現在魔神は神の塔があった場所に謎の黒い空間を作り出して陣取っており、そこから動く気配が無いそうだ。
何をしているのか不気味ではあるけれど、涼が起きない事には空間転移も出来ない。
なので渡航手段の確保の間に、イヴァンの捜索を軍の人に手伝って貰い行った。
イヴァンは一人荒れた山に倒れていた。
彼を見つけるまでは何か伝えておこうと思っていたけど、実際に物言わぬ遺体を見ると何も言葉として出てこない。
リベールとの戦いと違い、彼が何を思いこんな戦いを行ったのか理解も出来なかった。
ただ、その顔に最期まで浮かんでた表情を見れば、僕に対してどんな感情を抱いていたのか、それだけは理解出来た。
「レオは悪くない、絶対に悪くない」
リーナが僕の手を握りそう言ってくれる。
何が、何に対して悪かったのだろう。
もしも、僕が力を持っていた事がそうなのだとしたら、この力で世界を救う事が報いる事になるのだろうか……
イヴァンの遺体は軍の人に村へと帰してもらう事になった。
それを見送った次の日、僕達はイザレスへの移動準備が整ったので船へと乗り込んでいく。
船もまた大きい物ではないので乗るのは僕達と、バルトロさん達やアンセルムさん等の現場に急ぎ向かう必要がある人達だ。

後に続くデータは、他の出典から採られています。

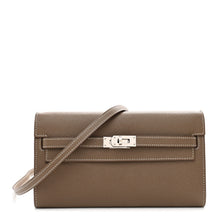 Load image into Gallery viewer, Epsom Kelly Wallet To Go Etoupe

「あー……リョウが起きてれば乗る必要なんてなかったのに」
これから二日間の船旅に案の定リーナがげっそりしていた。
「嫌ならロンザリアに任せてくれれば~、良い夢を見せてあげるよ~?」
「うー……いや、アンタに任せると碌な事無さそうだから止めとく」
「え~、遠慮しなくて良いのに~」
べったりとくっ付いてくるロンザリアをリーナが引き剥がす。
「あ~もういいったら。ほら、レオは一緒に来てアタシの看病しなさい」
まだ元気な状態でそう言われ、僕は船室に引っ張られた。
その後の海の道中は特に何も起きなかったが、涼は起きては高熱を出してまた倒れるというのを何度も繰り返していた。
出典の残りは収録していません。